## What needs to be done
Where the listing below reaches the line containing "Heavy Metal Eyeliner, Metal", start writing out lines exactly, and stop once the line containing "Used 2022 Honda HR-V EX image 4" has been written.

--- Dataset Enclosed Below ---

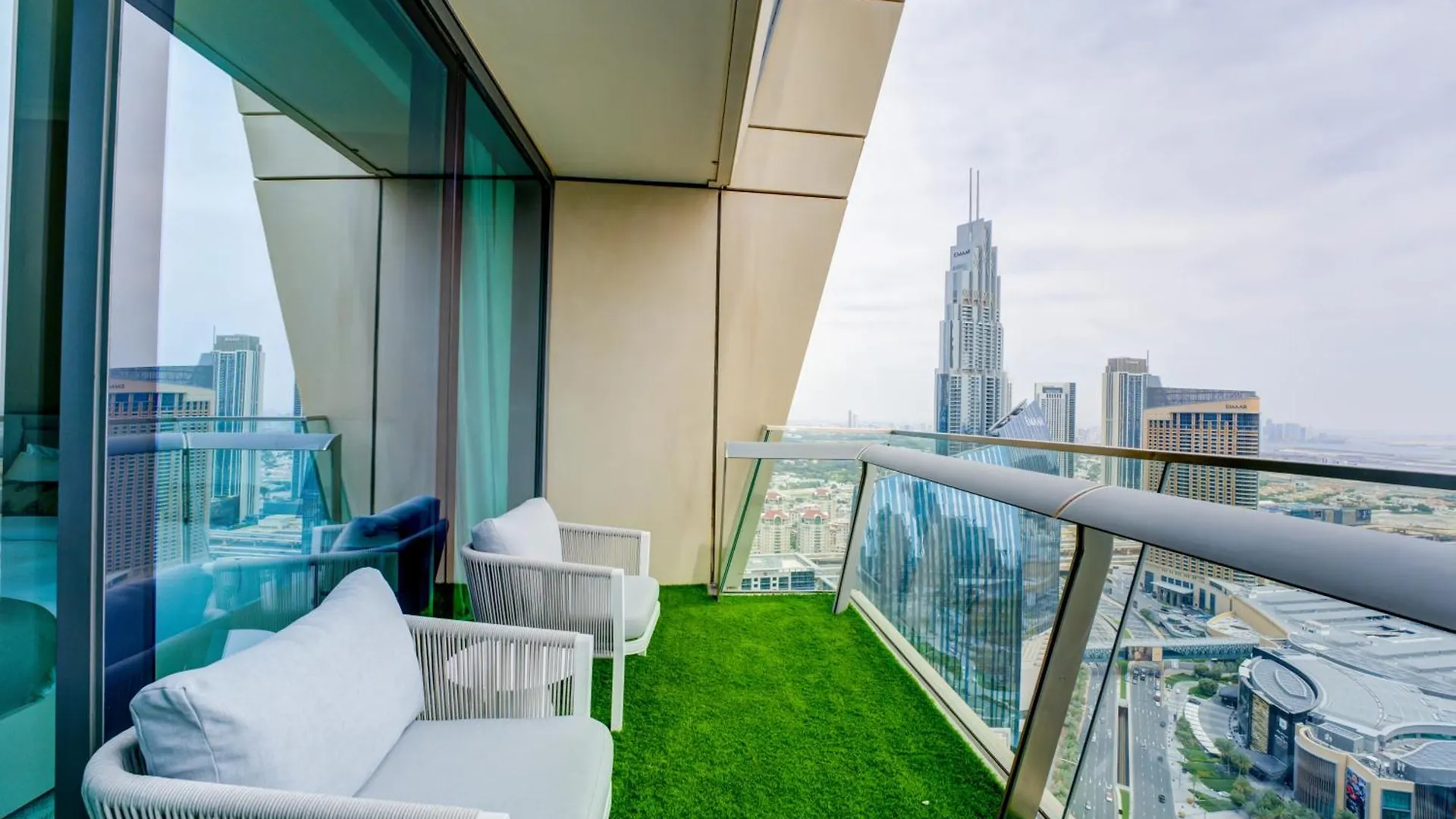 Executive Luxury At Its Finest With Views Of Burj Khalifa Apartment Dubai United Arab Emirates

--- End of Enclosed Dataset ---
--- Dataset Enclosed Below ---

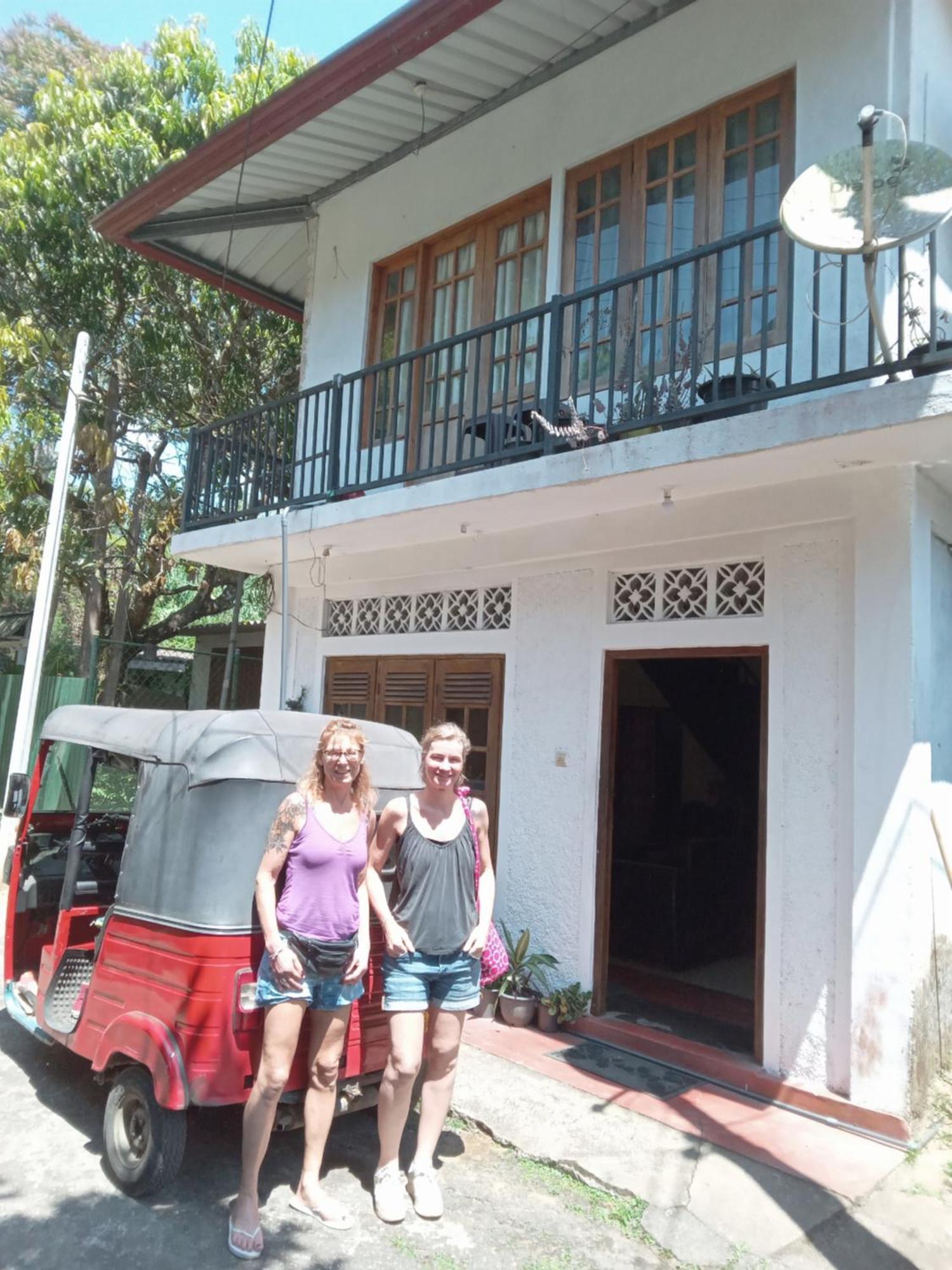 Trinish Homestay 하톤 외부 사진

--- End of Enclosed Dataset ---
--- Dataset Enclosed Below ---

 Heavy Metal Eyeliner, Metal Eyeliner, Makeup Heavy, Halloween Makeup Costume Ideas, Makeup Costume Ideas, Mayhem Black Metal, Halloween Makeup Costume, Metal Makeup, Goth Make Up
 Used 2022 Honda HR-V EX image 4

--- End of Enclosed Dataset ---

## Result
 Heavy Metal Eyeliner, Metal Eyeliner, Makeup Heavy, Halloween Makeup Costume Ideas, Makeup Costume Ideas, Mayhem Black Metal, Halloween Makeup Costume, Metal Makeup, Goth Make Up
 Used 2022 Honda HR-V EX image 4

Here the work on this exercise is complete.